Il n’a jamais souhaité choisir entre l’un des deux sexes et la seule solution acceptable pour lui était d’être reconnu tel qu’il est, c’est-à-dire un être différent appartenant ni au sexe masculin, ni au sexe féminin.  

Il fait notamment valoir qu’aucun texte n’interdit l’inscription d’un troisième sexe et que la jurisprudence de la cour européenne des droits de l’homme implique qu’une personne intersexuée doit pouvoir bénéficier, si elle le désire, d’un changement d’état civil correspondant à la réalité. Ainsi, l’atteinte à la vie privée qu’il subirait, si cette inscription lui était refusée, ne serait pas justifiée au regard des conditions posées par l’article 8 de la CEDH sur le droit au respect de la vie privée et familiale.

  • Toute personne a droit au respect de sa vie privée et familiale, de son domicile et de sa correspondance. 
  • Il ne peut y avoir ingérence d’une autorité publique dans l’exercice de ce droit que pour autant que cette ingérence est prévue par la loi et qu’elle constitue une mesure qui, dans une société démocratique, est nécessaire à la sécurité nationale, à la sûreté publique, au bien-être économique du pays, à la défense de l’ordre et à la prévention des infractions pénales, à la protection de la santé ou de la morale, ou à la protection des droits et libertés d’autrui.

Position de la Cour d’appel d’Orléans

La cour d’appel d’Orléans déboute le requérant au motif que sa demande était en contradiction avec son apparence physique et son comportement social.  

La cour ajoute qu’en l’état des dispositions législatives en vigueur, il n’est pas envisagé la possibilité de faire figurer, à titre définitif, sur les actes d’état civil une autre mention que sexe masculin ou féminin et que la rectification de l’état civil du requérant reviendrait à reconnaître l’existence d’autre catégorie sexuelle allant au-delà du pouvoir d’interprétation de la norme du juge judiciaire.  La cour de cassation n’invalide pas ce raisonnement.

Apport de l’arrêt

La Cour européenne examine l’affaire au regard de l’obligation positive de l’État défendeur de garantir au requérant le respect effectif de sa vie privée. Elle vérifie ainsi notamment si ont été dûment mis en balance l’intérêt général et les intérêts de celui-ci.

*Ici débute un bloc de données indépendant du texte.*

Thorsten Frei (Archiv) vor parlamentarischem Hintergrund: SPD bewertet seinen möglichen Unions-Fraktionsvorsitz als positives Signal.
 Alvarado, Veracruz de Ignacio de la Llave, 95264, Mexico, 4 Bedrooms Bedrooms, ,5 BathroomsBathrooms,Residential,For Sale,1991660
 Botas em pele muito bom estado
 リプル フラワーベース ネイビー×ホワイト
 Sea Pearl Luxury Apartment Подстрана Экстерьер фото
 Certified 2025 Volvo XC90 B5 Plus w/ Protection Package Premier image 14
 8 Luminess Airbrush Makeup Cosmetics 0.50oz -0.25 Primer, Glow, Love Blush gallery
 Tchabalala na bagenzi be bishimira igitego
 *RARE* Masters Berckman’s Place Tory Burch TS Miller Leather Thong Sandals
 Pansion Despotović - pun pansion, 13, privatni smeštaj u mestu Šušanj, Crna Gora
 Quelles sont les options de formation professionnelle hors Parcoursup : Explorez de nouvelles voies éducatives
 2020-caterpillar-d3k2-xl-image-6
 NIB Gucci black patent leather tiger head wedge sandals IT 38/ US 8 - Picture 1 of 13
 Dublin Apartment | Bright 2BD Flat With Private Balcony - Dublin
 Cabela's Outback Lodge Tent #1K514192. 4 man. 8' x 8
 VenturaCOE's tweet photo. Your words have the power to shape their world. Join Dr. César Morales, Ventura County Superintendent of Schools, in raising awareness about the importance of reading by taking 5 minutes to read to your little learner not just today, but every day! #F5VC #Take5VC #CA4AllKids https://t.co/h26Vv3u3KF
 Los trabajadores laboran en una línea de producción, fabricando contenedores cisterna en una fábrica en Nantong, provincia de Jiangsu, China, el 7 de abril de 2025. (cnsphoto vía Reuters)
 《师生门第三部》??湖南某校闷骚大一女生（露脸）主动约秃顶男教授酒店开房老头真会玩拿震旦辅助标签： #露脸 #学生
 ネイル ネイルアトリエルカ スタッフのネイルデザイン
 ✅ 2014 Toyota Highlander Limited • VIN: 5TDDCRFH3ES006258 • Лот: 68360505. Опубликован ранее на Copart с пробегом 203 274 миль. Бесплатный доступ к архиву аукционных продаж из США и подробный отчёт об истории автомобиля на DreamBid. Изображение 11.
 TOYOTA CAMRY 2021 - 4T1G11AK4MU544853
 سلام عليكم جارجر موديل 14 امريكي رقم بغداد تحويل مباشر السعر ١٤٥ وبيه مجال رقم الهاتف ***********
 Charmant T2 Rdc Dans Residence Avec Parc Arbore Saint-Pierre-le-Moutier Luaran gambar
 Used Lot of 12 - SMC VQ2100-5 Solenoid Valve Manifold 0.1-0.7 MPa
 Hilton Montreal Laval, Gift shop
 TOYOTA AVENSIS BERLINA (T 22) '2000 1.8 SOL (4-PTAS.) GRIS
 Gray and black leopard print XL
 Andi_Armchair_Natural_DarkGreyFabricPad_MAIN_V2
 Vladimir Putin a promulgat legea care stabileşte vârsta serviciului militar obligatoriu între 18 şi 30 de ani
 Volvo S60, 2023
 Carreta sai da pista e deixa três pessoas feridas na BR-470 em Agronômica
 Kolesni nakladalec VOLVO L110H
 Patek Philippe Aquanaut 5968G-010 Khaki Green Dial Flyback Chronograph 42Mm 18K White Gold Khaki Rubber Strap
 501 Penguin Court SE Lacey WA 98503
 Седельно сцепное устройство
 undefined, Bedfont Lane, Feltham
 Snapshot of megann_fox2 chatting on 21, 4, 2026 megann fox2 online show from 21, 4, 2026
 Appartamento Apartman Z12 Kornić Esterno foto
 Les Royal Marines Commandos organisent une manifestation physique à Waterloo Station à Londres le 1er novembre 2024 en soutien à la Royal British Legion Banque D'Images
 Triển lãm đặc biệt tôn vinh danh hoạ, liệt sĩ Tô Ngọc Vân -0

La CEDH considère que les motifs tirés de la nécessité de préserver la cohérence et la sécurité des actes de l’état civil ainsi que l’organisation sociale et juridique du système français, avancés par les autorités nationales pour refuser la demande du requérant, sont pertinents. Elle prend également en considération le motif tiré de ce que la reconnaissance par le juge d’un « sexe neutre » aurait des répercussions profondes sur les règles du droit français et impliquerait de nombreuses modifications législatives de coordination. 

Même si le requérant précisait ne pas réclamer la consécration d’un droit général à la reconnaissance d’un troisième genre mais seulement la rectification de son état civil, cette demande aurait pour conséquence selon la CEDH que l’État défendeur soit appelé, en vertu de ses obligations au titre de l’article 46 de la Convention (sur la force obligatoire et l’exécution des arrêts), à modifier en ce sens son droit interne. 

  1. Les Hautes Parties contractantes s’engagent à se conformer aux arrêts définitifs de la Cour dans les litiges auxquels elles sont parties.  

 

La Cour conclut que l’État français, compte tenu de la marge d’appréciation dont il disposait, n’a pas méconnu son obligation positive de garantir au requérant le respect effectif de sa vie privée, et qu’il n’y a donc pas eu violation de l’article 8 de la Convention.

Si, par cet arrêt, la Cour laisse « à l’État défendeur le soin de déterminer à quel rythme et jusqu’à quel point il convient de répondre aux demandes des personnes intersexuées », une évolution est attendue sur ce point dans les prochaines années. À défaut, les juges européens pourront faire preuve de plus de fermeté, comme cela s’est déjà produit pour la reconnaissance d’un statut juridique pour les couples de même sexe.